Sono ipnotizzato dalla marea di metallo, macchine, camion, tir, barche. Uniti insieme dallo tsunami. Sento il fascino dell’abisso, come quando in sogno cado dall’alto in un precipitare verso l’ignoto, in una dimensione sconosciuta, ma rassicurante. Un gigantesco magnete di acqua ha trasformato lamiere e cose in un’onda inconcepibile che sembra formata di spazzatura e che dilaga in modo scomposto, come un’immenso ragno, per i campi e per le città giapponesi e trasforma le strade in fiumi in piena. In una fotografia c’è un gorgo immenso, lo stesso che deve avere immaginato Edgar Allan Poe per il suo racconto “Una discesa nel Maelström“. Ai bordi delle gigantesche spirali, un’imbarcazione solitaria è destinata ad essere inghiottita. L’onda di dieci metri generata dalle profondità del mare ha sommerso villaggi e città, anche a chilometri dalla costa. Dall’alto appare una Venezia sconfinata, muta, bombardata, senza segni di vita tranne qualche persona sui tetti che agita dei lenzuoli bianchi per attirare l’attenzione degli elicotteri.
Il mare ha inghiottito la terra e dove si è ritirato ha lasciato gigantesche bidonville con delle grandi pozze dove galleggiano le auto come papere meccaniche. In un’immagine, un gruppo di case è circondato dai rifiuti dell’onda che sembra infinita all’orizzonte. Ogni corpo meccanico trascinato dalle acque ha lo stesso identico colore brunastro. Sembrano Frankestein di acciaio, zombie di macchine, mostri post industriali di un film di Romero alla ricerca della vita che è ancora sopravvissuta.

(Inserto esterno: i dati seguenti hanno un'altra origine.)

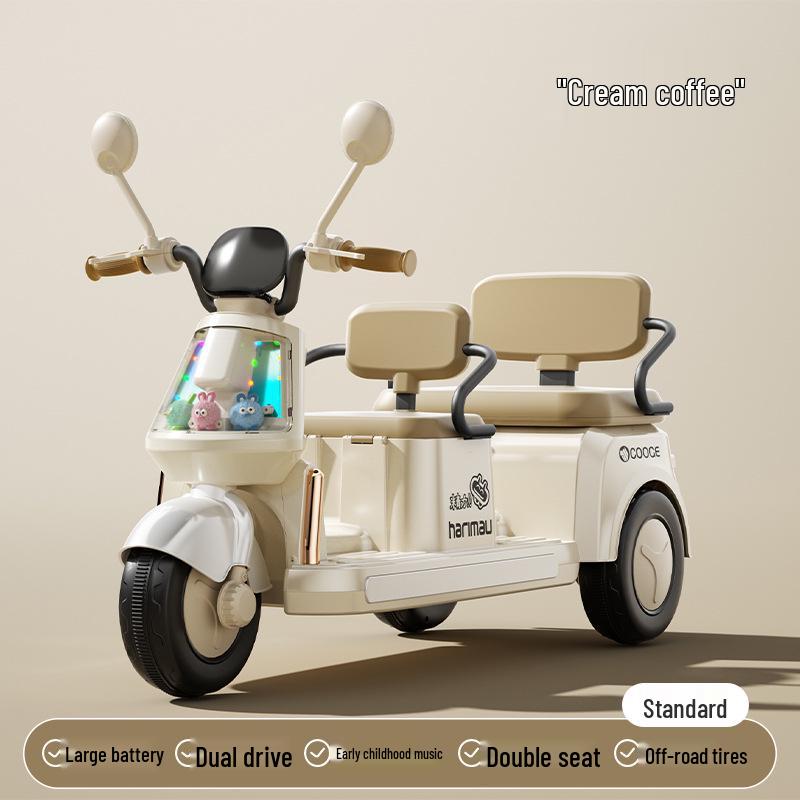Children's Electric Two-Seater Motorcycle: Rechargeable Three-Wheeler Toy for Boys and Girls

Ci sono esplosioni di fuochi nella marea metallica in movimento. Il fuoco e l’acqua convivono in questa spaventosa sera di marzo in Giappone. Lo tsunami si è invitato per cena, ha bussato alla sua maniera. Mancano elettricità e acqua potabile in molte zone. Un treno è scomparso. Gli incendi hanno colpito una raffineria e la centrale nucleare di Onagawa. Il governo ha evacuato duemila persone vicino alla centrale atomica di Fukushima. Non ci sarà, forse, l’inverno nucleare nel Sol Levante. Ci affidiamo, come sempre, al fato. Poi, vada come vada.